WILTON – Voters will be deciding a 54-article warrant at the annual town meeting Monday. The meeting begins at 6:30 p.m. in the Academy Hill School cafeteria.

Among the decisions will be the continuation of the wastewater treatment plant upgrade, a separate $30,000 request to go towards the plant upgrade debt service and a total municipal budget of $2.8 million, which represents 1 percent increase over current spending.

Voters will be asked to approve Phase II of the treatment plant upgrade project totaling $4,962,000 and accept a grant from the U.S. Department of Agriculture for $1,987,000.

Residents approved Phase I of the project totaling $4,696,000 at last year’s town meeting. The aging system’s 25 of 30 pump stations will be replaced, along with the headworks at the plant. Phase II deals with the internal processes of the treatment plant itself. The project was broken into two phases in order to help secure funding, said Wastetreatment Department Superintendent Clayton Putnam at a public hearing on the project held in April.

Annual loan payments for both projects would total $168,000. The current plan is to cover that cost with increases to the sewer bill; selectmen approved a $213 per year rate increase in regards to the Phase I upgrade debt payments. Another $178 per year rate increase would be necessary to cover the cost of Phase II’s debt payments. The project, in total, would raise a typical sewer rate of $265 to $656, for example.

In addition to making a decision on Phase II at the town meeting, voters will consider a warrant article which asks if $30,000 should be raised and appropriated to help defray the costs of the loan repayments and lower the sewer rate.

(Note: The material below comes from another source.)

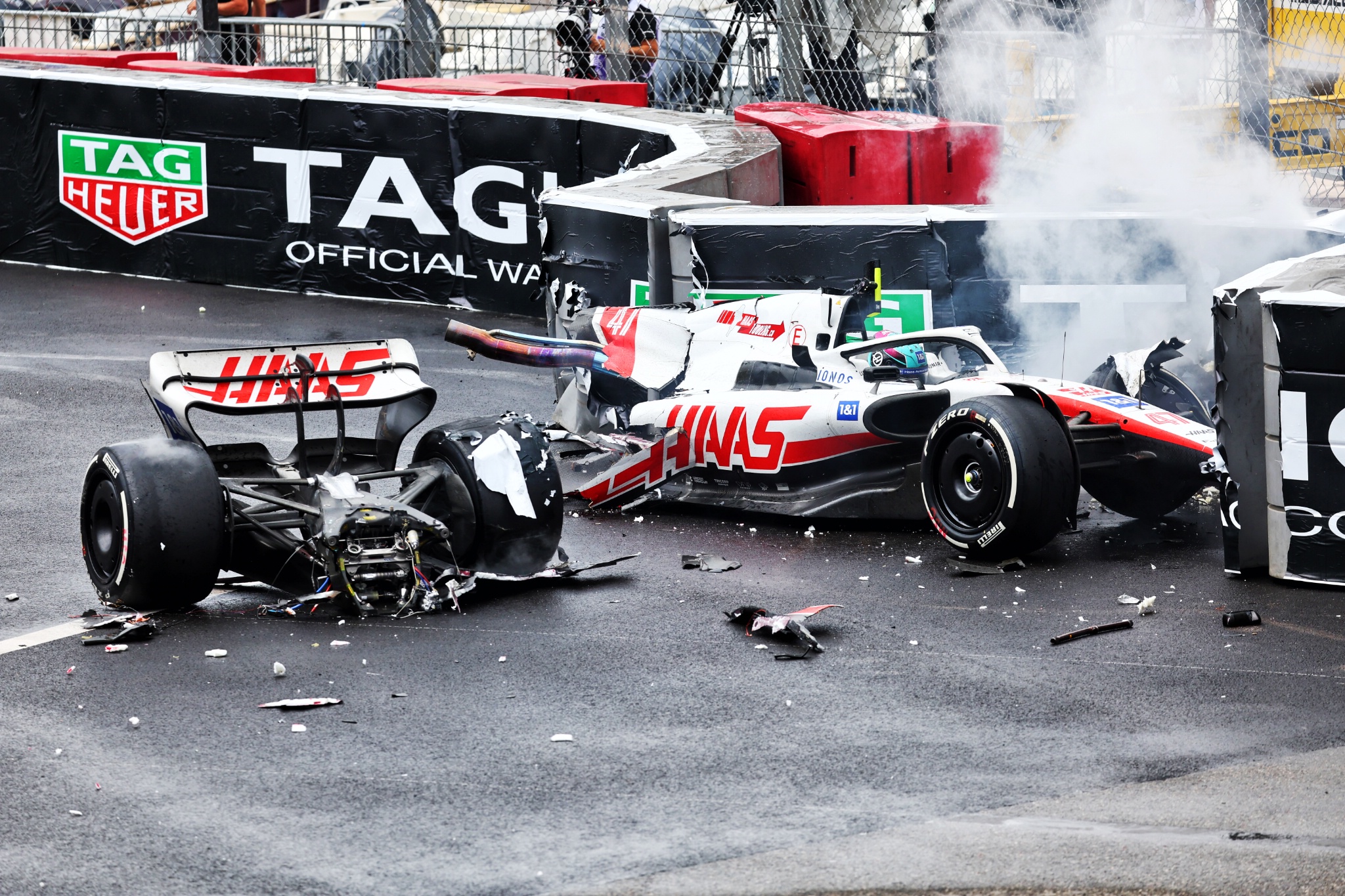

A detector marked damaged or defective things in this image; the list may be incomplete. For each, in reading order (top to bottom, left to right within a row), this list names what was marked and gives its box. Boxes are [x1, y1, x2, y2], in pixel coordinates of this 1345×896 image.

The town did this in the past, after the treatment plant was installed in 1978.

Previously, Putnam calculated that the plant added at least $14 million of tax value to the town: a combination of improved lakefront properties and large-scale customers such as the Comfort Inn, upgrades and entities which would not have been possible without a treatment plant and wastewater system. That added value translated into additional tax money that would have required a .78 mil increase to the rate, the equivalent of a tax increase of $78 on a $100,000 home. The requested $30,000 appropriation, he noted, translated into a $11 increase per $100,000 worth of property.

If approved at the town meeting, Phase II bids would be received by the town in the spring of 2013 with construction beginning in May. While Phase I, replacing pump stations and some limited work at the plant, would be complete in December 2013, the entire project would be finished in December 2014.

The town doesn’t have many other options, Putnam noted. The plant currently meets all regulatory criteria, but likely will not in the future as limits become more strict. The Maine Department of Environmental Protection would then likely file a consent order, Putnam said, effectively a court order that would force the town to upgrade the plant. At that point, the funding lined up to bond the project might not be available.

The municipal budget as recommended by selectmen shows an increase of $4,919 for a 1 percent increase. The Finance Committee added in more fire department equipment for an increase of $7,719 or a 1.02 percent increase.

Among the zoning ordinance changes voters will be deciding is to designate the former primary school and bus garage across the street from the current residential zone to downtown village zone. The change will allow for more varied use of the property, according to the Town Report. Also, a change to the town’s zoning ordinance is requested to include a building demolition permitting process. The amendment is needed, say supporters, to give property owners direction in accordance with the state’s requirements and adds a time limit on when the work is to be completed. Details of the proposed changes are listed in the Town Report.

As is the tradition here, a barbecue hosted by selectmen will be held for residents before the meeting Monday beginning at 5:30 p.m. at the school’s cafeteria.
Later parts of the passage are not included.